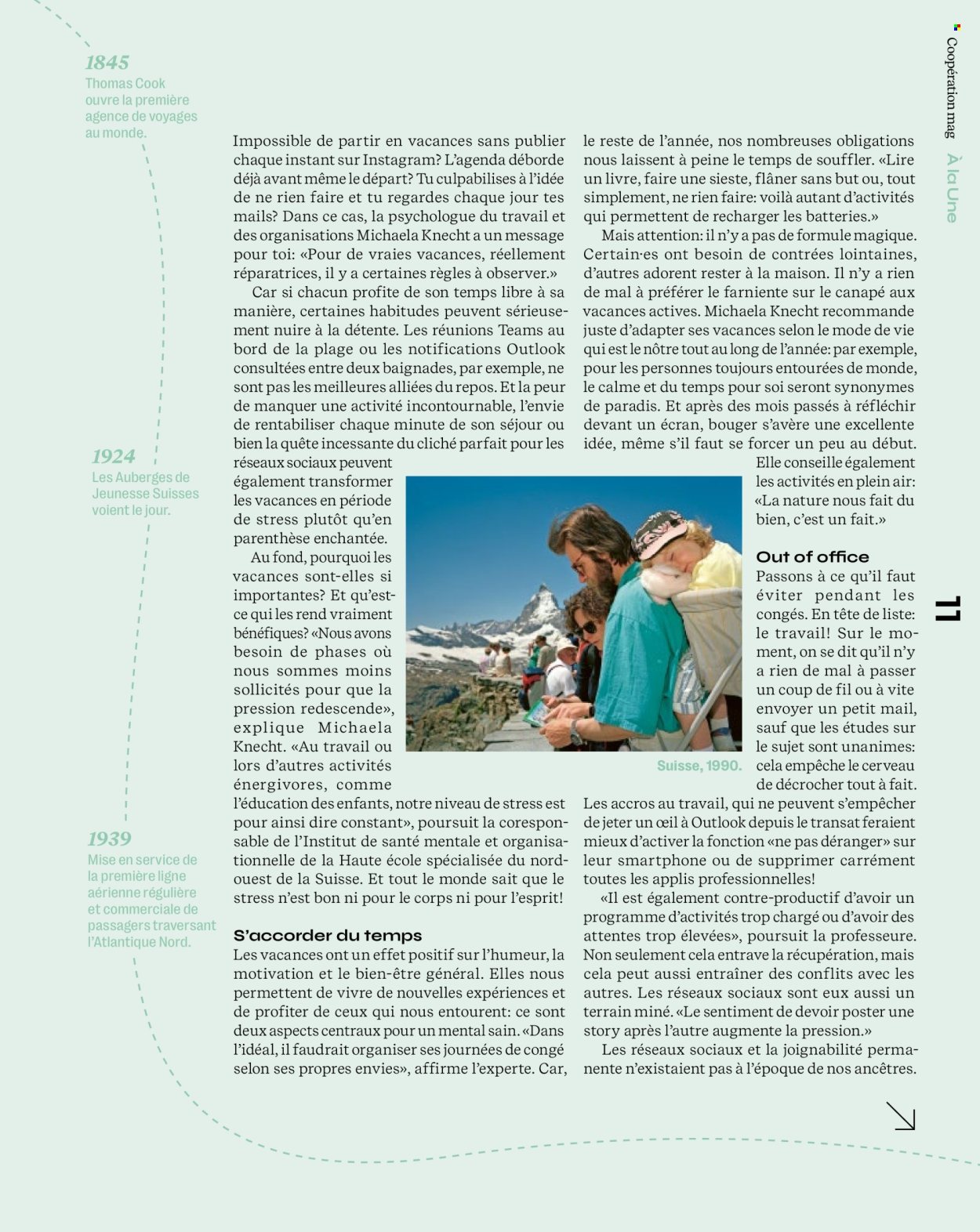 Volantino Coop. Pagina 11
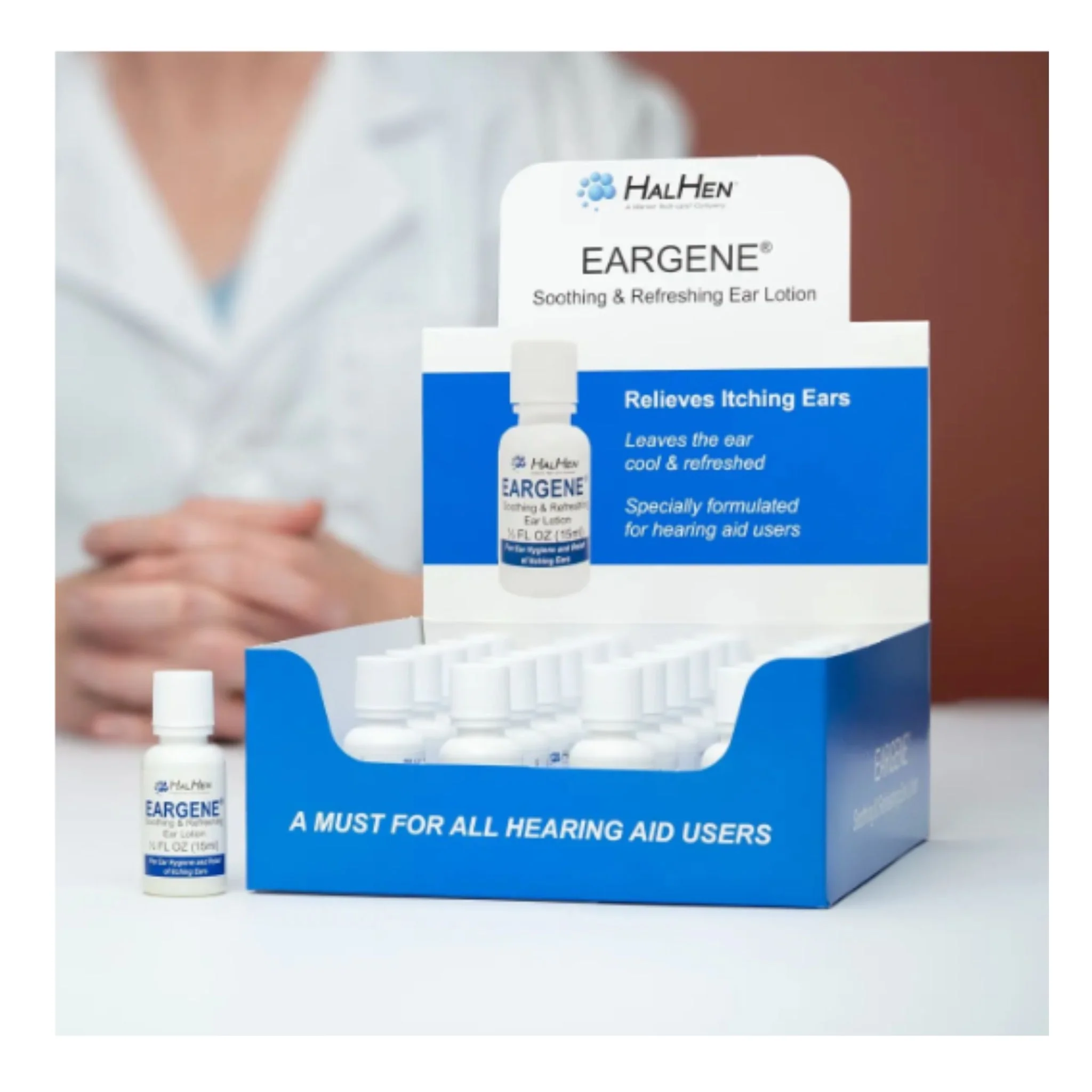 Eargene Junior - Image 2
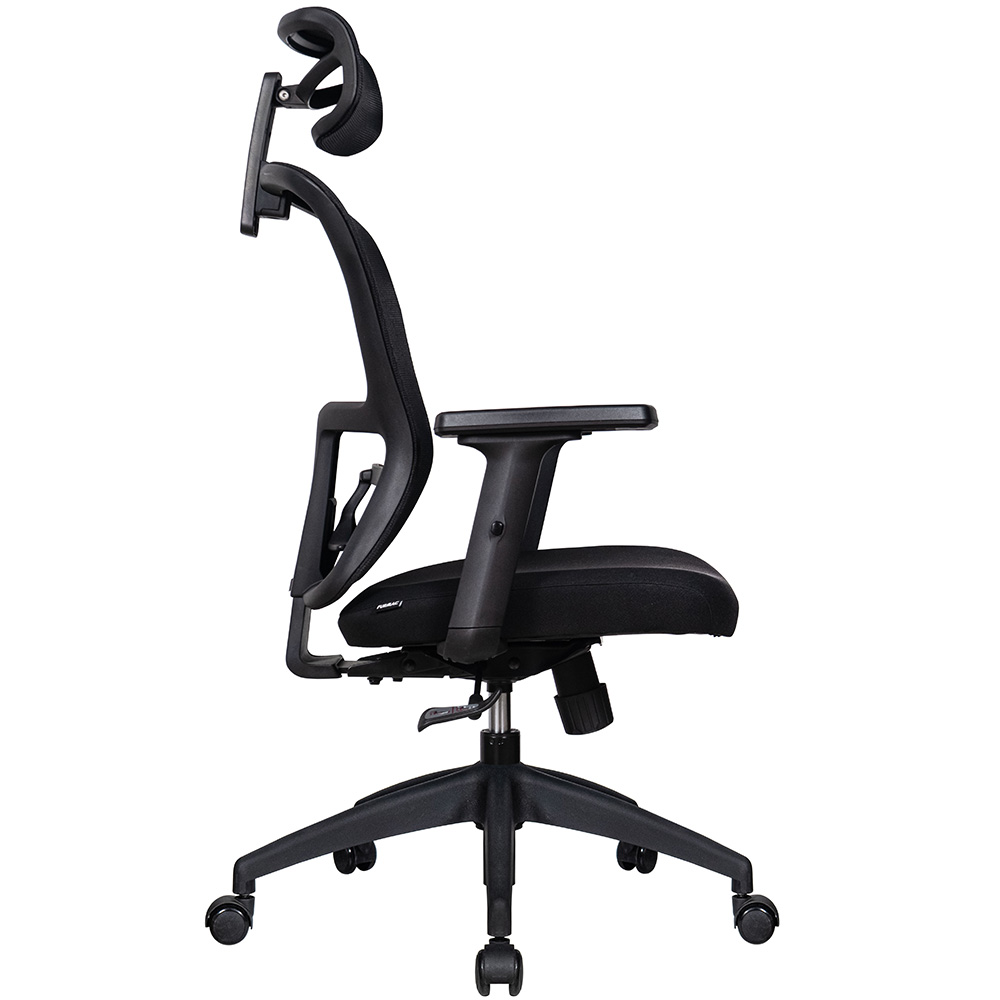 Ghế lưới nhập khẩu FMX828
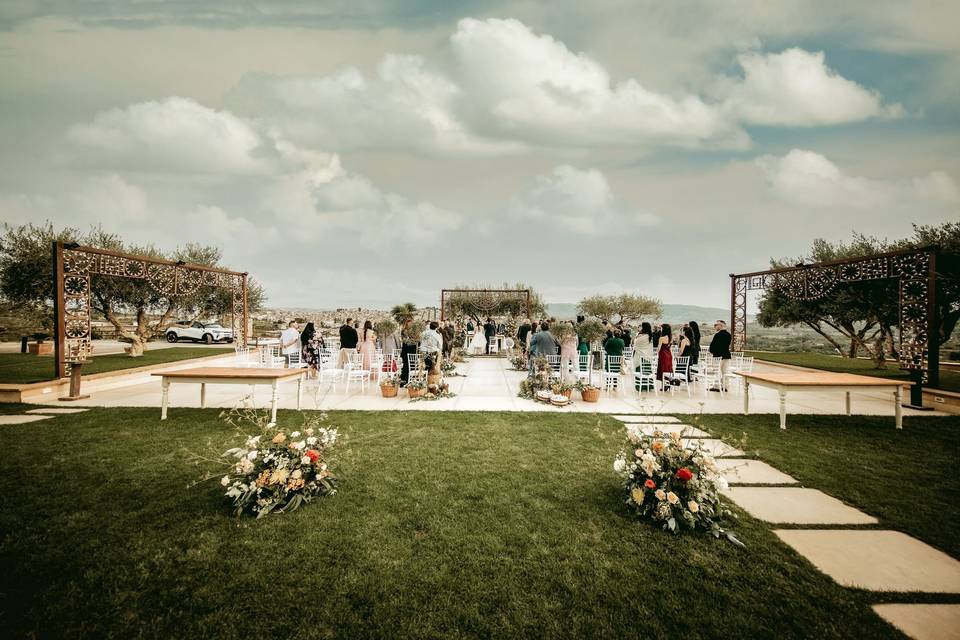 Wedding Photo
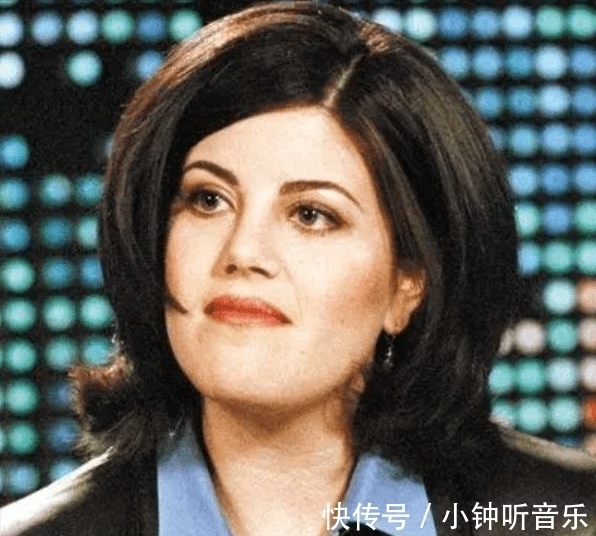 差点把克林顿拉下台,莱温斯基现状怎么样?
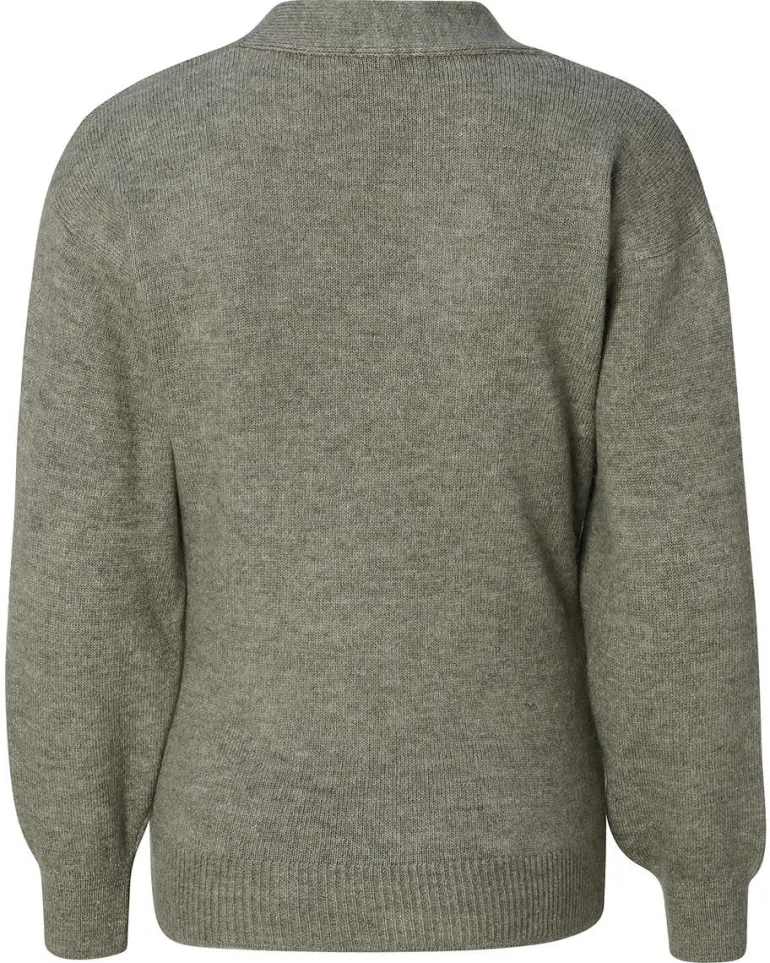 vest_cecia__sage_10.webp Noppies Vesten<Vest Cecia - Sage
◇ ◇ ◇ ◇
ACTIVITY
Repeat every record precisely. Any picture among them stays out of the copy.

WRITTEN SOLUTION
 Volantino Coop. Pagina 11
 Eargene Junior - Image 2
 Ghế lưới nhập khẩu FMX828
 Wedding Photo
 差点把克林顿拉下台,莱温斯基现状怎么样?
 vest_cecia__sage_10.webp Noppies Vesten<Vest Cecia - Sage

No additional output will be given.